Sims, sins and a light at the end of the tunnel? David has a word or two in defence of Dungeon Keeper Mobile...

There’s something painfully alluring about the premise of the original Dungeon Keeper. You get to have a go at building a death trap for clichéd fantasy heroes, which means you have an opportunity to avoid all of those silly mistakes like giving them a fair chance whilst you sit back cackling maniacally as your devious machinations fall into place.

It is a safe statement to describe Bullfrog’s classic dungeon management sims as beloved by fans. EA Mobile’s and Mythic Entertainment’s recent Dungeon Keeper Mobile re-imagining of the series, less so. Now that the dust has settled a little on this alleged crime against gaming culture, it has left some of us a bit bemused as to what the fuss was about and why so much press was generated over this. EA hardly needs or even appreciates anyone standing up for it, but in this case it hasn’t committed such a roaring sin.

The disappointment is easy to understand. If you fire up a game with the words ‘Dungeon Keeper’ in the title, you can be forgiven for expecting something that plays a bit like Dungeon Keeper, especially if you haven’t seen any of the sorts of games that pass for management sims on mobile devices these days. Gameplay wise there is practically no similarity. This is your traditional mobile money-sink-sim wearing the ill-fitting skin of something we are distressed to recognise.

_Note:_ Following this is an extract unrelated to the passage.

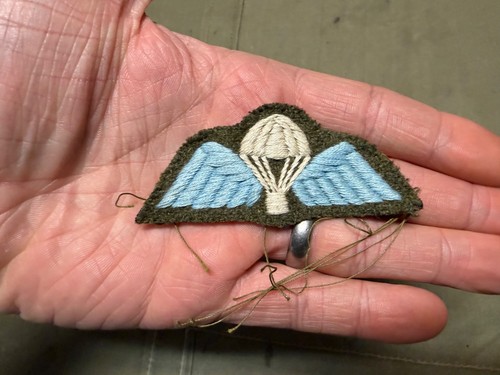 Wwii british 1st 6th - 1st,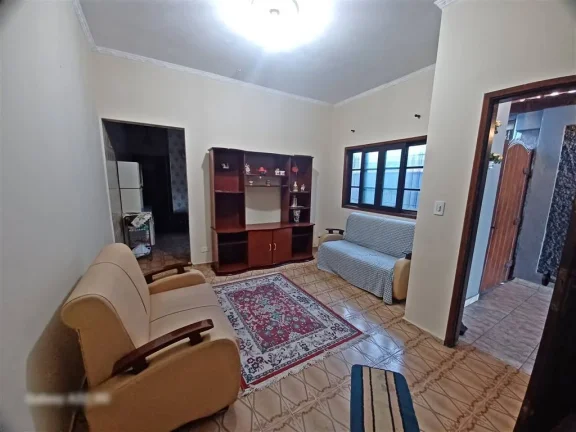 Imagem CASA COM 103.75 m² - MIRIM - PRAIA GRANDE SP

Dungeon Keeper and its sequel were, however, never perfect. They were very much games bearing the Mark of Molyneux. The premise was never quite fulfilled and instead of pitting wits against aforementioned fantasy heroes and maybe squashing a barbarian warrior or two with rolling boulder traps, more often than not you found yourself engaged in abstract turf wars with keepers of other nearby dungeons. When you start playing Dungeon Keeper, the last thing you really expect is to be engaging in neighbourly disputes.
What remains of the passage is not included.